A non-classical model for circular cylindrical thin shells is developed by using a modified couple stress theory and a surface elasticity theory. The equations of motion and boundary conditions are simultaneously obtained by a variational formulation based on Hamilton’s principle, which provides a unified treatment of the microstructure and surface energy effects. The new non-classical shell model contains one material length scale parameter to capture the microstructure effect and three surface elastic constants to describe the surface energy effect. The current model includes the shell models considering the microstructure effect only or the surface energy effect alone as special cases. Also, the newly developed shell model reduces to the classical circular cylindrical Love–Kirchhoff thin shell model when both the microstructure and surface energy effects are suppressed.

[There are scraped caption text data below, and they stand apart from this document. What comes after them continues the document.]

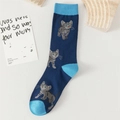Navy blue crew socks featuring gray tabby cat patterns and light blue contrast heels - No. 01-Navy Tabby Cat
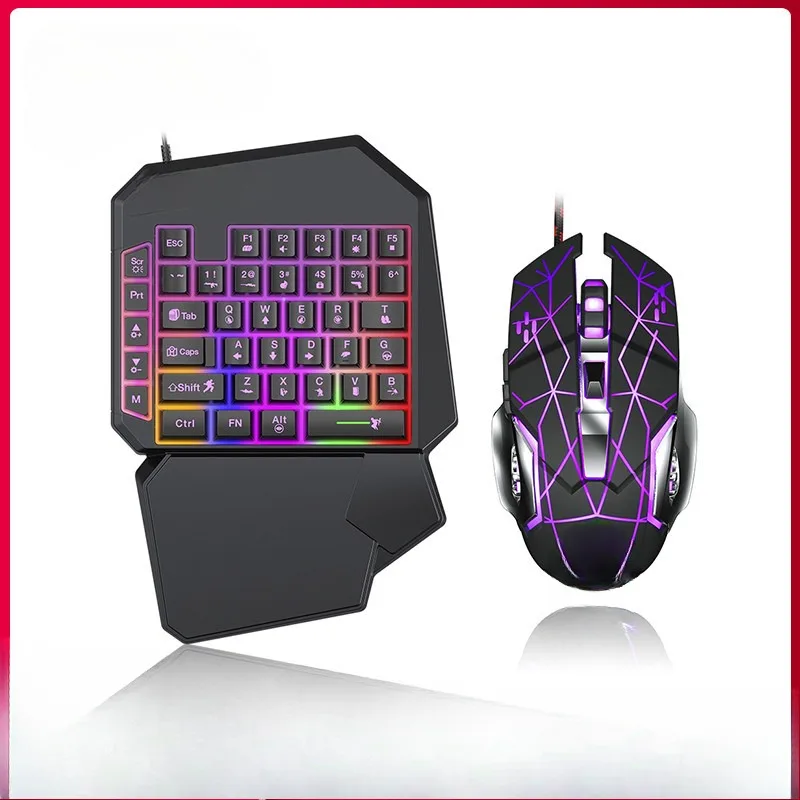 EOENKK TF900 One-handed Game Keyboard Throne Left Hand Keypad Mobile Phone Eat Chicken One-handed Keyboard Mouse Set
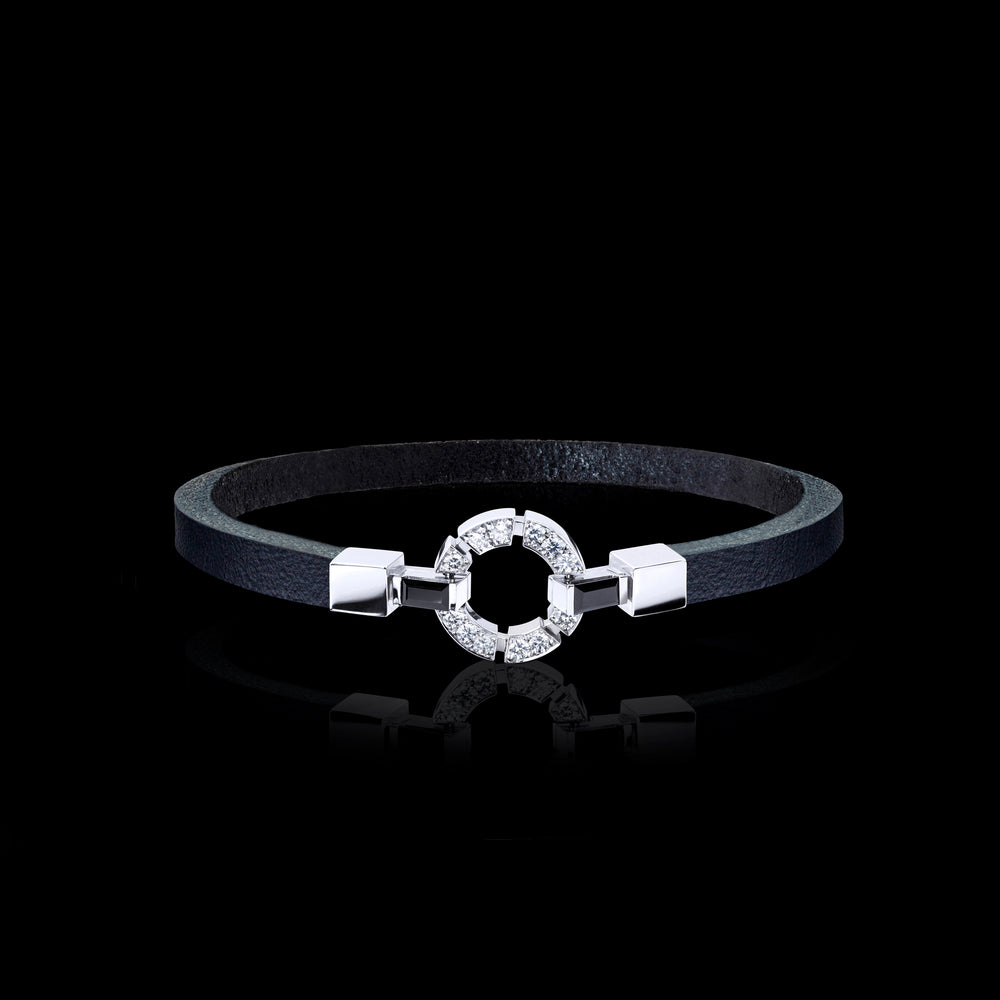 Regina 18ct white gold single link diamond and Australian black sapphire leather bracelet by Stefano Canturi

In addition, it recovers the non-classical model for Kirchhoff plates incorporating the microstructure and surface energy effects when the shell radius tends to infinity. To illustrate the new model, the static bending and free vibration problems of a simply supported closed circular cylindrical shell and of an open circular cylindrical shell with free edge boundary conditions are analytically solved by directly applying the model. For the static bending problem in each case, the numerical results show that the shell deflection predicted by the current model is smaller than that predicted by the classical model, and the difference is significant when the shell is very thin but diminishes as the shell thickness increases. For the free vibration problem in each case, it is found that the natural frequency predicted by the new model is higher than that predicted by its classical counterpart, and the difference is large only for very thin shells.